Another issue that comes to mind is that even if you do end up succeeding, coasting on the motivation used to achieve your title isn't exactly a dependable practice. There are no guarantees of when that high will fade or how hard the realities of your field will hit you, likely making you less effective or putting you into a state of existential dissatisfaction and waning productivity.

Engaging your title isn't everything, so you might find other motivators that keep you going while you're exacting it, but why use that joy to stave off frustration when it could be sitting on the shoulders of self-fulfillment and bolstering your quality of life instead?


Ideal



What I call the 'Ideal' variation of  this process includes one added consideration.

Practicality.

Practicality represents your actual use of the title you obtain.
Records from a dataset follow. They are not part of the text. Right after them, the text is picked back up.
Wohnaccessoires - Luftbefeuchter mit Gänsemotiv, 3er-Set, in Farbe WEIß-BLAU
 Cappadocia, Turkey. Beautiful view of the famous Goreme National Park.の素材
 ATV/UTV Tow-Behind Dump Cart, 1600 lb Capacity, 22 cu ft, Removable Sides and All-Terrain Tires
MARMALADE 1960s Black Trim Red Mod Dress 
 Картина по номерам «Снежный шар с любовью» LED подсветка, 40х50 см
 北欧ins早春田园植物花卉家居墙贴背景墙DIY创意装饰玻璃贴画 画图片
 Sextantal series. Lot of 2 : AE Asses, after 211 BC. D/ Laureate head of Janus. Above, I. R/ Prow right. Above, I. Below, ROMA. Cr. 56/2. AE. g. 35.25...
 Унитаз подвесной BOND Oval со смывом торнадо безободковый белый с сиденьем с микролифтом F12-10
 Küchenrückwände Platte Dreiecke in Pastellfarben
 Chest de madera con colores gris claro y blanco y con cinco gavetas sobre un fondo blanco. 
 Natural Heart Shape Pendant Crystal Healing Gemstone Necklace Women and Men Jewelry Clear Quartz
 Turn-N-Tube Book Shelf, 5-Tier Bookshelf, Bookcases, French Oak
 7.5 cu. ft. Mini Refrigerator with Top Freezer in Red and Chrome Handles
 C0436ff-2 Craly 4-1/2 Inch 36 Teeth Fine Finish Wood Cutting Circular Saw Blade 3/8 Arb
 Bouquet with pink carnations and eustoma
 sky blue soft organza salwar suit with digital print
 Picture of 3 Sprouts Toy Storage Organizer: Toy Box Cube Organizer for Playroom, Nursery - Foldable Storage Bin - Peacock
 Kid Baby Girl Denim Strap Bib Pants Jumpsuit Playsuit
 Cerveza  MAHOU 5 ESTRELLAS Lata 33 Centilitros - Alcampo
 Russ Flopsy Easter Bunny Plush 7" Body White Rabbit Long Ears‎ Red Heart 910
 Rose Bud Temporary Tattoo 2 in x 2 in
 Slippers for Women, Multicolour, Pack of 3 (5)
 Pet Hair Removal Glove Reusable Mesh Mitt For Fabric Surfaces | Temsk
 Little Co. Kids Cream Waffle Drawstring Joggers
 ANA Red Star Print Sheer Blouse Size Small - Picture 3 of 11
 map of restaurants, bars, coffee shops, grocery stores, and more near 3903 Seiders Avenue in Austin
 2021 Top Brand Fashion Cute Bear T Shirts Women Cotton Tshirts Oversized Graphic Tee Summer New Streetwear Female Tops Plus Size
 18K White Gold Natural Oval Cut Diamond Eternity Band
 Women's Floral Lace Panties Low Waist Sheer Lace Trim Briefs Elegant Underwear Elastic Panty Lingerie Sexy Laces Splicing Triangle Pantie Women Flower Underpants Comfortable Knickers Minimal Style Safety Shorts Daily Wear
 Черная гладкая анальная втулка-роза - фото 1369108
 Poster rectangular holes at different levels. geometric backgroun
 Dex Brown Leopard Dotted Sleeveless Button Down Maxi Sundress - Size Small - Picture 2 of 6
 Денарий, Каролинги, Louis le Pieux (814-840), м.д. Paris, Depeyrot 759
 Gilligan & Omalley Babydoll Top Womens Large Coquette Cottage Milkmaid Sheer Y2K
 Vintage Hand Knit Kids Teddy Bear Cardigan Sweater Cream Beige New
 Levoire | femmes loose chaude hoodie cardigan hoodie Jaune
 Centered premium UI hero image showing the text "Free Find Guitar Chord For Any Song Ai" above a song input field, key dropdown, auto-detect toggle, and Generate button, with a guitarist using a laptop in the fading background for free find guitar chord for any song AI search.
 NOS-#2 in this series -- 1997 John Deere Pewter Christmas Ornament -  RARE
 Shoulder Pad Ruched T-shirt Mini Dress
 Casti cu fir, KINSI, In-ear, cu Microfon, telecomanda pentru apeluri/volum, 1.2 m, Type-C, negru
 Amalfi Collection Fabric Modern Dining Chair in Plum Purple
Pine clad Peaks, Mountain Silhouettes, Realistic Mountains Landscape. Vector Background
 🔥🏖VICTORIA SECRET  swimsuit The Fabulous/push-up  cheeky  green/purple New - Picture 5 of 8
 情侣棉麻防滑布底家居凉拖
In making your goal -or motivator- a practical application of your title, you stand to be sure that the title represents functional value to you beyond its achievement.

The added bonus of doing this is that your means can now encompass your title. This tends to help ease your perception of the difficulties that come with building context by allowing you to look at it in terms of the bigger picture and avoid missing the forest for the trees so to speak. Over thinking things tends to open avenues for tripping ourselves over, and the fewer opportunities for that to happen, the better.

Even if you don't choose to make your goal a practical application of you title, consider the fact that knowing the practicalities is immensely valuable in ensuring that you better understand the connotations of your pursuit, the skills necessary to be successful, and whether or not it really is for you. There's no downside.


Closing


At the end of the day, this perspective is built off of one core idea:

Be forward thinking.

Consider the big decisions outside of their obvious conclusions. Look at the side-effects and aftermath. This isn’t something you should endlessly agonize over, but it is important to be wary. You only have one life to live, so take the time to understand the path you might be taking. You'll be better off for it.